Only the text should come through, so restate the listing exactly and drop its images.

*** Opening of Records to process ***

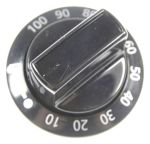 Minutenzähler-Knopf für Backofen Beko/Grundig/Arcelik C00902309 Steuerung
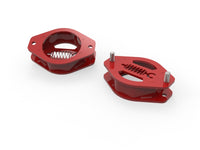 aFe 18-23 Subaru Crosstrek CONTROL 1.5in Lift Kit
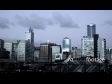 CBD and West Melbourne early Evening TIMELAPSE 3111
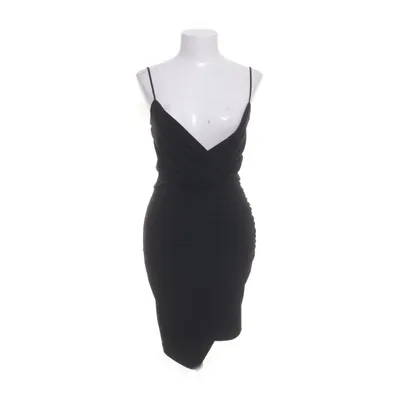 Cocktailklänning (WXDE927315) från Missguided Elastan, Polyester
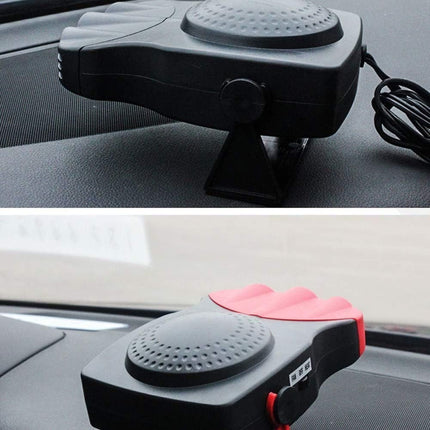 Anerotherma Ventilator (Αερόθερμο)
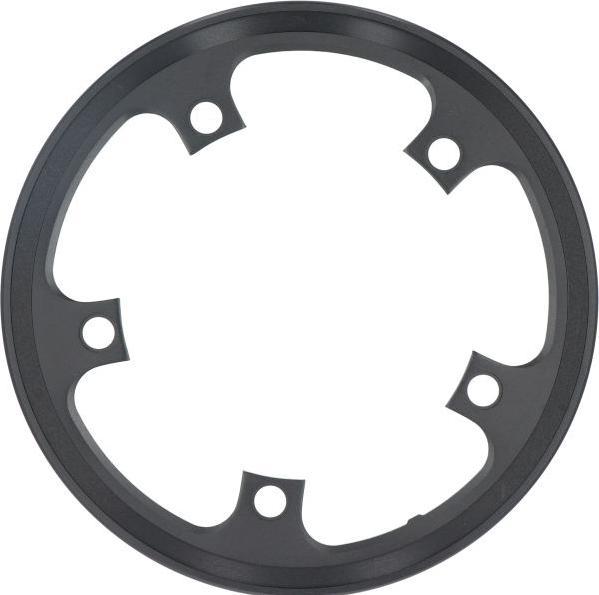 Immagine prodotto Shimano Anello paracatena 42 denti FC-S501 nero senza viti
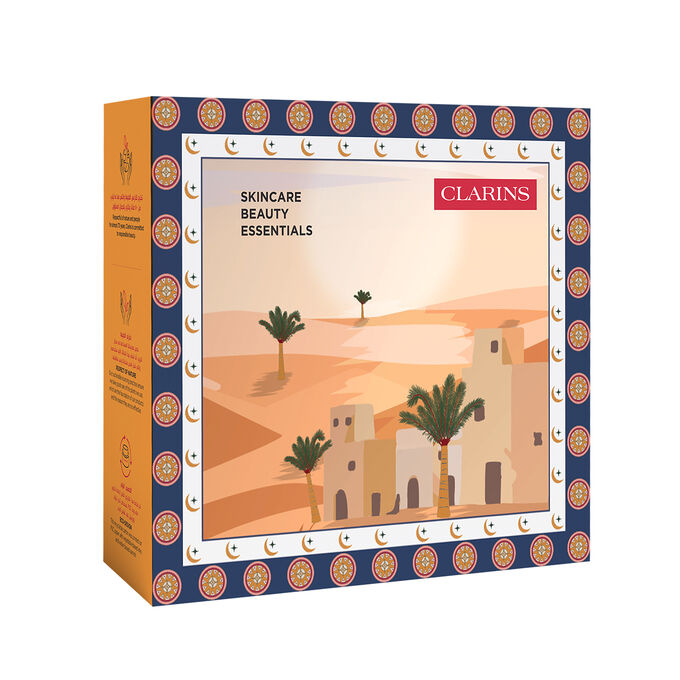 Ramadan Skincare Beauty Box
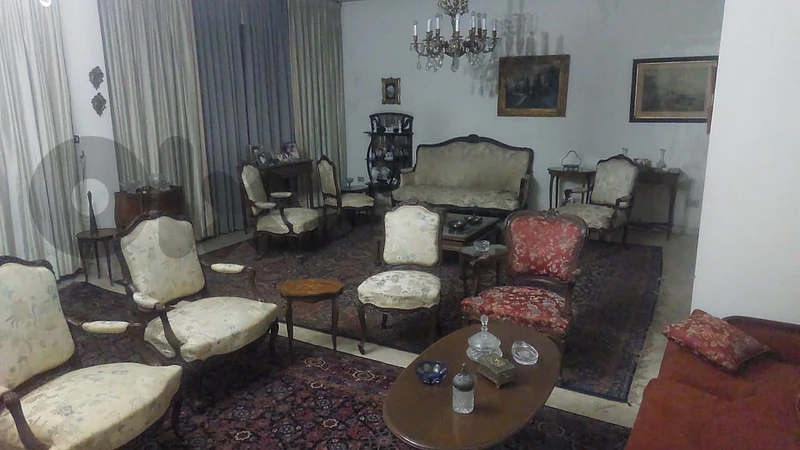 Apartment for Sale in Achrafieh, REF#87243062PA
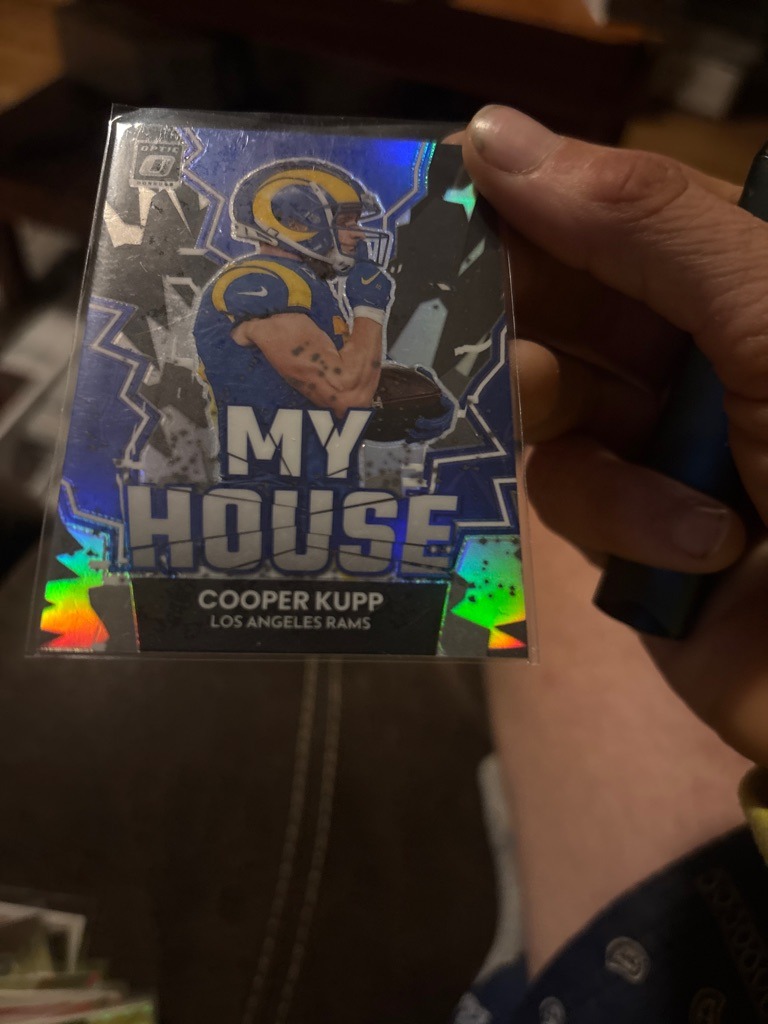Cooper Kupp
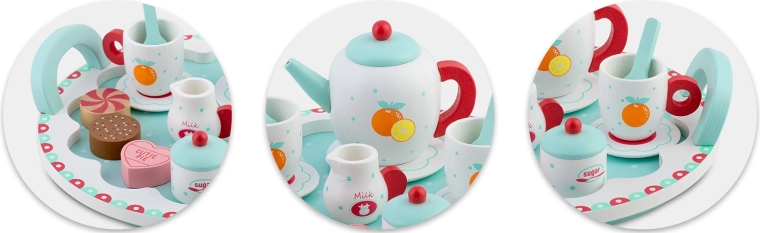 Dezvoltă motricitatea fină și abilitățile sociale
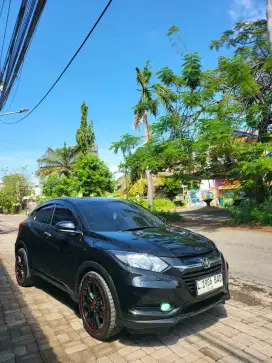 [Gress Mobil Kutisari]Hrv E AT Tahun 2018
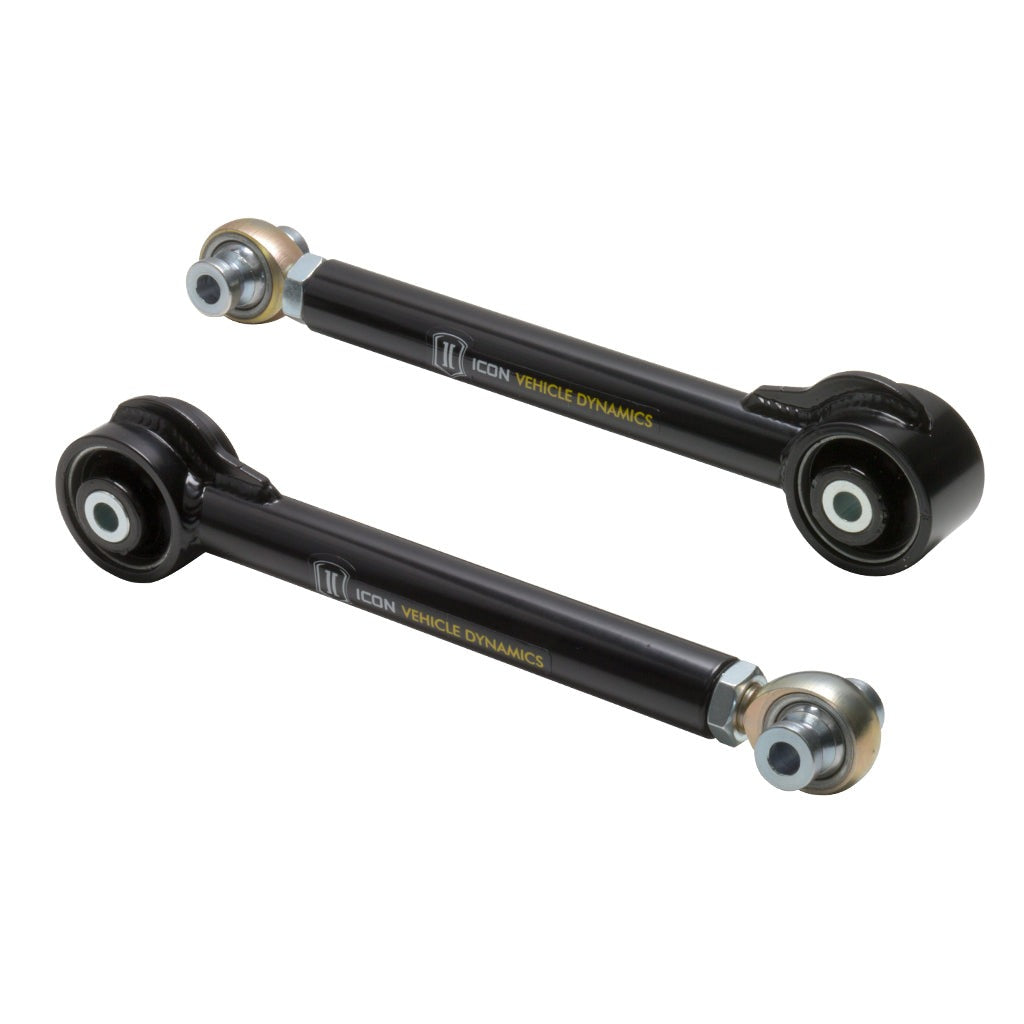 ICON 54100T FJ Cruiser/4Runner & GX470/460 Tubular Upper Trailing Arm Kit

*** Close of Records to process ***

### [Completed exercise]
 Minutenzähler-Knopf für Backofen Beko/Grundig/Arcelik C00902309 Steuerung
 aFe 18-23 Subaru Crosstrek CONTROL 1.5in Lift Kit
 CBD and West Melbourne early Evening TIMELAPSE 3111
 Cocktailklänning (WXDE927315) från Missguided Elastan, Polyester
 Anerotherma Ventilator (Αερόθερμο)
 Immagine prodotto Shimano Anello paracatena 42 denti FC-S501 nero senza viti
 Ramadan Skincare Beauty Box
 Apartment for Sale in Achrafieh, REF#87243062PA
Cooper Kupp
 Dezvoltă motricitatea fină și abilitățile sociale
 [Gress Mobil Kutisari]Hrv E AT Tahun 2018
 ICON 54100T FJ Cruiser/4Runner & GX470/460 Tubular Upper Trailing Arm Kit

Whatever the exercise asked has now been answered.